In this paper the feasibility of using existing SOM techniques to inform managers of possible risks in an organisation is discussed. The value of such an application is twofold; firstly, by using a visualisation method that reduces the amount of data that is visualised, the often confusing graphs produced by traditional SNA visualisation techniques can be replaced with SOMs that are easier to process graphically. Furthermore, as SOM algorithms produce maps that naturally display data of interest, analysis and evaluation of the data should no longer require the visualisation results to be adapted (node enlargement, colouration, etc.) in order to be meaningful. Secondly, as SOMs organise similar data into clusters, their application should make it easier to inform a manager of groups of similar at-risk entities. This is thanks to the clustering done by the SOM algorithms, as, due to the relationship between certain SNA metrics and the CIA triad (Confidentiality, Integrity and Availability), as will be discussed in Sect. 2, clustering the nodes according to these metrics allows an evaluator to quickly identify similar problematic nodes. Furthermore, because the SOM algorithm uses the calculated SNA metrics as attributes to determine the clusters, the clusters themselves can be used to infer similarities that may not be readily transparent from the available data. Another advantage is that managers can be informed and educated of possible risks in an organisation early on, which may aid in developing effective awareness, education, and training programs. The graphical nature of SOM may also make it a useful tool for training inexperienced risk managers, and can potentially aid in identifying standard trends and patterns.

In the remainder of the article the background, research methodology, and results, will be discussed respectively. The background discussion will focus on SNA in the context of information security, as well as SOMs. The discussion of the method will focus on both the application of the techniques, and the data collection phase. The paper will then conclude with a discussion of the results and implications.

2 Background

The primary theme of this paper is the use of Social Network Analysis (SNA) metrics as inputs for a Self-Organising Map (SOM), which should aid in evaluating risk in an organisation. In order to demonstrate how this can be done, five SNA metrics will be discussed briefly. While there are dozens of SNA metrics that can potentially be used, the five discussed here were chosen based on their established relationships with risk in the literature. The section will start with a description of SOMs, followed by the evaluation of the selected SNA metrics in relation to risk.

2.1 Self-Organising Maps (SOM)

The self-organising map (SOM) is a neural network technique that can be used to visualise and evaluate high-dimensional data [13]. The SOM technique uses given data to produce a self-organising neural network wherein the data points are clustered into topographical regions [14]. This visualisation technique has a wide range of known applications, from evaluating comparable biological adaptations [15] and improving optimisation algorithms [16, 17], to clustering data for problem-solving purposes [14, 18]. One of the greatest advantages SOM has over other high-dimension visualisation techniques is that it produces a two-dimensional topographical map that can be evaluated and interpreted without any special knowledge or skills. In addition to clustering known data points, depending on the data, the technique can also be used in vector quantisation, and as a regression modelling technique [13]. All these methods can arguably be used to obtain valuable information about data, but in the context of this paper only the clustering function of SOM will be considered. The algorithm for developing a SOM [19] is shown below.

figure a

This algorithm produces one map with all of the entities sorted into clusters. Certain software suites, such as Viscovery SOMine [20], provide additional information by colouring the same map using values from different attributes.

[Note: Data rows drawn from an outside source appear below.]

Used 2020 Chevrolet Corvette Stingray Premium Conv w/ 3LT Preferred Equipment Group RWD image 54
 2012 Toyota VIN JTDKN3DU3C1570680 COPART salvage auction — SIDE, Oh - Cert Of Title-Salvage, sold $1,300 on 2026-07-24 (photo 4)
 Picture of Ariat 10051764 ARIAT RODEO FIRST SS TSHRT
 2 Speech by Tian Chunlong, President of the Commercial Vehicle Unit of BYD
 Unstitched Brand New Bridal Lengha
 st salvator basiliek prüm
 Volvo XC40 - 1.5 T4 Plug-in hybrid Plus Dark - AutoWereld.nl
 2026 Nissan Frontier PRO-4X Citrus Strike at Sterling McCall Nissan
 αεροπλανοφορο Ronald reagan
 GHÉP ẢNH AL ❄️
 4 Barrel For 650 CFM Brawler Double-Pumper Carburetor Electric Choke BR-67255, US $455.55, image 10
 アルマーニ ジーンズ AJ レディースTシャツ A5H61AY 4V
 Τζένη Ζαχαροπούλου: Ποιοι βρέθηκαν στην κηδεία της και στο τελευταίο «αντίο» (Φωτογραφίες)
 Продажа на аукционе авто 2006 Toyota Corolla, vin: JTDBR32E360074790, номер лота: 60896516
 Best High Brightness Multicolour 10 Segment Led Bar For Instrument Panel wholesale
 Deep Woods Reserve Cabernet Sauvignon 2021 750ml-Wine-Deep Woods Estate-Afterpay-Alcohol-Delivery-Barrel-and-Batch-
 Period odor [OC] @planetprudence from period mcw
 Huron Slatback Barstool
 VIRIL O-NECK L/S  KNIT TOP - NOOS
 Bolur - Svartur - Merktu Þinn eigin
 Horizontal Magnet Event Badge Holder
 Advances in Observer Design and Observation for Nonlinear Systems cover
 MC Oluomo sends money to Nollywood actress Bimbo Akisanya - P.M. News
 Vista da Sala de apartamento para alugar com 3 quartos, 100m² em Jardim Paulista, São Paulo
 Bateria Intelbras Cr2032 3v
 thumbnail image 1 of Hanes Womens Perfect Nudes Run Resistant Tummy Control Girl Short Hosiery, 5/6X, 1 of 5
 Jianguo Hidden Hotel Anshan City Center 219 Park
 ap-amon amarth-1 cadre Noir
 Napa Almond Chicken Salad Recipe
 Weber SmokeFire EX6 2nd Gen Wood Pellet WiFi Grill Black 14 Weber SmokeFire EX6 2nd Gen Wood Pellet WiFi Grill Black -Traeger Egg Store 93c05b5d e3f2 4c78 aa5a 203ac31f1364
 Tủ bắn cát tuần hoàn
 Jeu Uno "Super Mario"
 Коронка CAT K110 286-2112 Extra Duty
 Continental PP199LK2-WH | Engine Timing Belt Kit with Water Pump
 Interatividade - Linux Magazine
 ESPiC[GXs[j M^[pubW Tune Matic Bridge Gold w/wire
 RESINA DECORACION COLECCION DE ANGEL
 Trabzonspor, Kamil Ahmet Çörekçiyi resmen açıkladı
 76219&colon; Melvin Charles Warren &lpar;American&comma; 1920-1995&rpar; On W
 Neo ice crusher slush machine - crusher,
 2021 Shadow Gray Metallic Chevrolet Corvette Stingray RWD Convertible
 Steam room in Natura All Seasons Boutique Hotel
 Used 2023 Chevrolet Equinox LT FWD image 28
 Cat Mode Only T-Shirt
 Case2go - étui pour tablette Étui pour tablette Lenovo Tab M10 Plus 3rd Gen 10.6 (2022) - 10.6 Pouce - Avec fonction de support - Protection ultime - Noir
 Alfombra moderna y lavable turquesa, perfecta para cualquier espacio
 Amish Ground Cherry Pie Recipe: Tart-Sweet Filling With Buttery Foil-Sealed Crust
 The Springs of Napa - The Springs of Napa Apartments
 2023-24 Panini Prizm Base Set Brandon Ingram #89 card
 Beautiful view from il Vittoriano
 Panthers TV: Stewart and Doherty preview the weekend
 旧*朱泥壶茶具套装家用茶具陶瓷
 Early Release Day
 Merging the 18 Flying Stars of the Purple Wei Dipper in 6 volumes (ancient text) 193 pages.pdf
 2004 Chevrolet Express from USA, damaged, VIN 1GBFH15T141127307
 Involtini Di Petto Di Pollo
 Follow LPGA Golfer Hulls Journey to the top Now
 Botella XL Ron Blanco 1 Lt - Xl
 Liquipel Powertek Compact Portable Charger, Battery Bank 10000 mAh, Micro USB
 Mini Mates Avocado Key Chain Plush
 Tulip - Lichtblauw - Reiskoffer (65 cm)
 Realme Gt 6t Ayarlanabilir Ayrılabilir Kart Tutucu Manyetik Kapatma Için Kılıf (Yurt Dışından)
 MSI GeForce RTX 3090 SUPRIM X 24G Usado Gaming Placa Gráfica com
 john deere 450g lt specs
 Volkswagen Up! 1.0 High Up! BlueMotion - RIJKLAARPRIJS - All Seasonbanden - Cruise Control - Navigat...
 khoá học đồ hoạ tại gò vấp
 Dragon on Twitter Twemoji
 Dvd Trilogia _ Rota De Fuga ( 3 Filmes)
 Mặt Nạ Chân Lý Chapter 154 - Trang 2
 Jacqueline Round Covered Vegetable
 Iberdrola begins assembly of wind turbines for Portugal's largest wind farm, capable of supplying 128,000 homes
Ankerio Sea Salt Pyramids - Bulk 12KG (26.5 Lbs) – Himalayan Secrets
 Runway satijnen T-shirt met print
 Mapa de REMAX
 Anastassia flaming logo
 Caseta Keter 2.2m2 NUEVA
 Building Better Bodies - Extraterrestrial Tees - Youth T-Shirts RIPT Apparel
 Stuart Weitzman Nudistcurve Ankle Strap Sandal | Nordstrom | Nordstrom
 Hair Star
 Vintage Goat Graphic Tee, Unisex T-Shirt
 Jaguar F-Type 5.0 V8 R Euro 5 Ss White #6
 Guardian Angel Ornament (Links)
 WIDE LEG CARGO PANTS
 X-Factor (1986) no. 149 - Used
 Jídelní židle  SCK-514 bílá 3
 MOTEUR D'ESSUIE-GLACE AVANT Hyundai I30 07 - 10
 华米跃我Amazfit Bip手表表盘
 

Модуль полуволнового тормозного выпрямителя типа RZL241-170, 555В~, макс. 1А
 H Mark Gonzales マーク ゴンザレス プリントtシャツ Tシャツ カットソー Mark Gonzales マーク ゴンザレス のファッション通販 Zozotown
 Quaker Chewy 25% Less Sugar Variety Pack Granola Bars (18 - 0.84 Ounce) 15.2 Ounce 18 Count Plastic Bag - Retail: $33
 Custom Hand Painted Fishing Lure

As stated, SOMs can be used to cluster high-dimensional data on a two-dimensional map, producing a result that can be interpreted easily without training. This makes the technique especially valuable to those in managerial positions, as these individuals may not have the time to study large reports and data sets in detail, and may also hold true for the outcomes of SNA based studies – especially if the resulting network is particularly large or complex. By calculating the SNA metrics, as discussed in the next section, and applying SOM to the resulting data set, the risks posed by certain individuals or groups can be determined and presented visually in a way that is easy to process and interpret. Additionally, a number of at-risk individuals may be identified that would not necessarily have been evident through the use of more traditional visualisation techniques such as bar-graphs. It is possible for an individual to have all the traits of a high-risk individual and not be an obvious risk from the data itself. In these instances, a clustering technique such as SOM can be used to identify individuals that have similar, possibly hidden, attributes. This makes it significantly easier to address certain information security risks, as larger scale programmes can be developed to target groups consisting of similar individuals.

In summary, SOM is a valuable technique to use in addition to SNA, as the clustering function of SOM can be used to infer invaluable information about information security risks if the correct and relevant SNA metrics are used.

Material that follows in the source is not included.